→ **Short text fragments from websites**
__________

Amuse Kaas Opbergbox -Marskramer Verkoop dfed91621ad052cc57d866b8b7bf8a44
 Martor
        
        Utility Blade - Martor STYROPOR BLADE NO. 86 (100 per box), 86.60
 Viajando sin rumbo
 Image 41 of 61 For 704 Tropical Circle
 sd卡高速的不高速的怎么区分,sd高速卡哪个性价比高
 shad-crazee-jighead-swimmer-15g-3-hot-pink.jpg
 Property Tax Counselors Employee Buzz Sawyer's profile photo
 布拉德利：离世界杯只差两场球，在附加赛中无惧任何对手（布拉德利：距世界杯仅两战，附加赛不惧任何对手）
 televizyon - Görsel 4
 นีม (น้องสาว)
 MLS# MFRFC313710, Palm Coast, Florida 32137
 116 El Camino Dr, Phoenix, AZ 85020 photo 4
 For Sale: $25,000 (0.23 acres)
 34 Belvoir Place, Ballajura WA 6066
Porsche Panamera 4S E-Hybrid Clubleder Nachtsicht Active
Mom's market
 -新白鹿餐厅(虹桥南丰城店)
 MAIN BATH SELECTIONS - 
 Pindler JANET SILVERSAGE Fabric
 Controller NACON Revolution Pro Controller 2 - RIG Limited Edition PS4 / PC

__________

Lines holding the word "Martor" are the answer; copy every one from the records above.

→ **Task result**
 Martor
        Utility Blade - Martor STYROPOR BLADE NO. 86 (100 per box), 86.60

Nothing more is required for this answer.